Tuesday, July 28, 2009

Sound Experiment (2)

1. At Ana Verse select the Gabcast recording of Swedish folkpoems. Play the first song, "Rida, rida ranka."

2. Play Leo Kottke's "Big Situation" (c) 1994 as the Swedish folkpoem "Varan Prost" begins.

3. When "Varan Prost" ends, play "Basal Distance." Let "Big Situation," "Ode to Coffee," and "Basal Distance" play simultaneously until "Basal Distance" concludes the experiment.

Po-cash

My savings account had $16,000 in it. There were $16,000 in my savings account. I was on this side of the economy. I sided with the economy: get on up, banks, get on up!

Barbara hadn’t called for a year before her position at the biotech company had been eliminated: Six years after her chapter seven, she owed $16,000 in credit card debt, and her wisdom teeth teemed with cavities. She was unemployed, and her wisdom teeth hurt.

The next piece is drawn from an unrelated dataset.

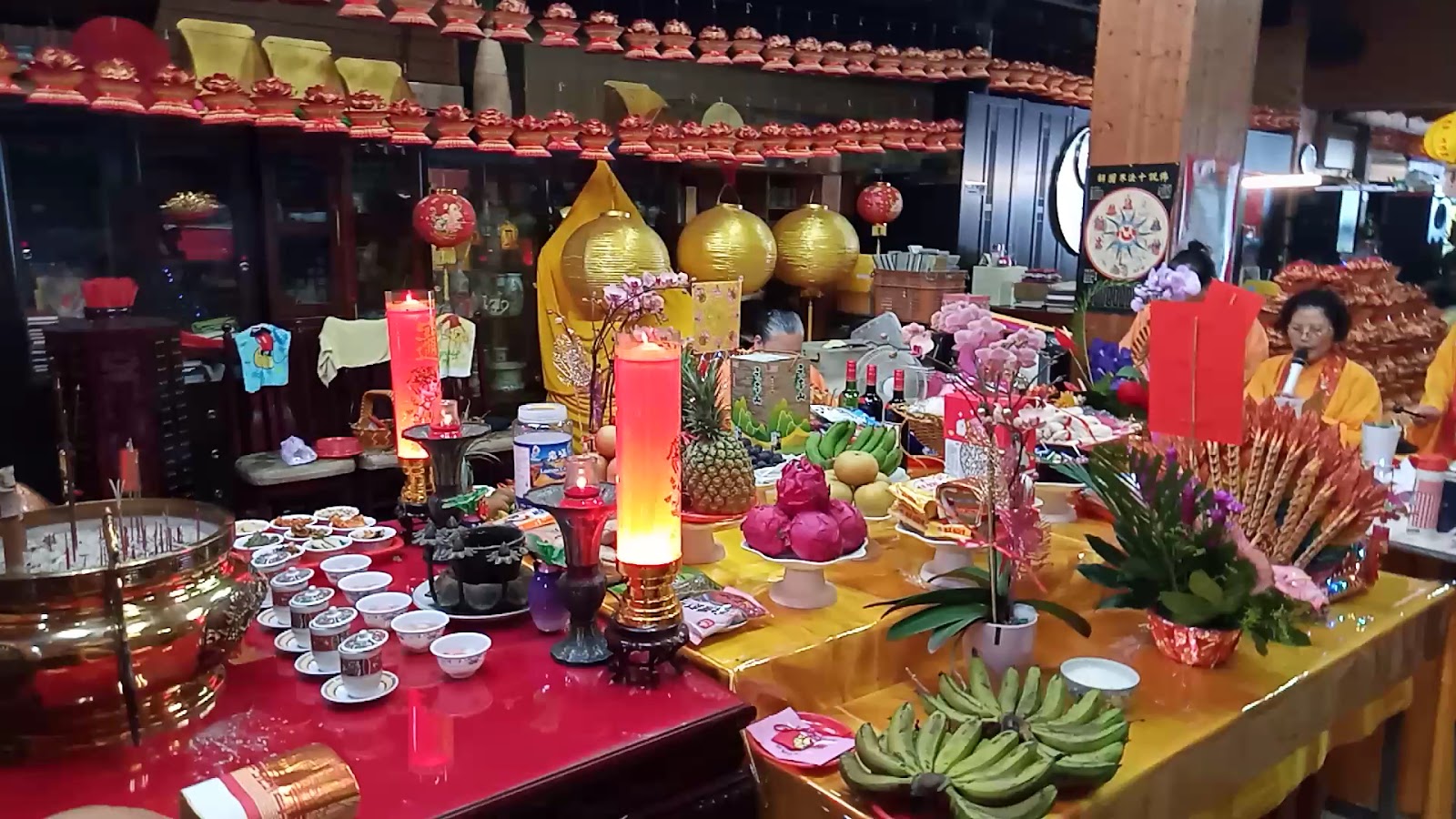 無極三清總道院供桌上的鮮花素果與香爐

Aaron called to say his wife’s sister had been killed. She’d been beaten for an hour then shot between the eyes by someone she knew, someone backing a jealous girlfriend. I didn’t believe that, but I believed someone had killed her -- until they knew more -- slain. He asked me to pay for the funeral. After his divorce from his rich second wife, he had filed chapter seven. He said, “You have money,” and, “My wife’s family are white trash.” At one time he had wanted to marry me. He could have said “my third wife’s family,” but he said “my wife.” He had a job. I said, “Aaron, you earn $90,000 a year,” and he said, “Shut up” and “fucking bitch” as I might have said “goddamn.”

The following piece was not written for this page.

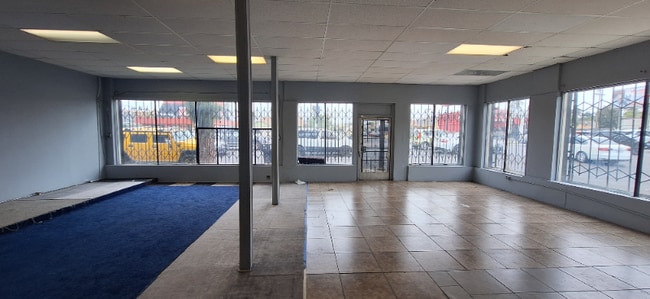 Photo - 1430 W Martin Luther King Jr Blvd House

Nancy called to say the housing market had slowed to a creep, and she was running out of cash. Her mother had died leaving her several million in real estate and locked assets. She was tired of it! she said.

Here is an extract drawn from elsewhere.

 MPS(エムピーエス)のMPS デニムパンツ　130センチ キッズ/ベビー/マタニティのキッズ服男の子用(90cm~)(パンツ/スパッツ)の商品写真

My sister called to ask for $200 for a dress form for her clothing design business. She pitched it like a saleswoman. I had spent $400 on her birthday the week before that, thinking it was extravagant and due to having something.

My mother called to invite me to a play. I felt like I owed her, and I did. I bought the tickets.

At 60, Brian, a music prodigy, who had rent control and a house he inherited in New Jersey, never called. I called him. He and his wife, a publishing executive, couldn’t buy groceries except rice and beans. Chop-chop salad, I said.

Jason called before his chapter seven to ask me how to file. He worked nine-hour days trying to sell Chevrolets and had borrowed $60,000 to pay bills: daycare, mortgage, food. “Black is up, red is down,” I said, knowing he turned to pleasant memories of lawbreaking when he felt discouraged. I asked him to meet me for coffee. He said he hadn’t bought a coffee in a year.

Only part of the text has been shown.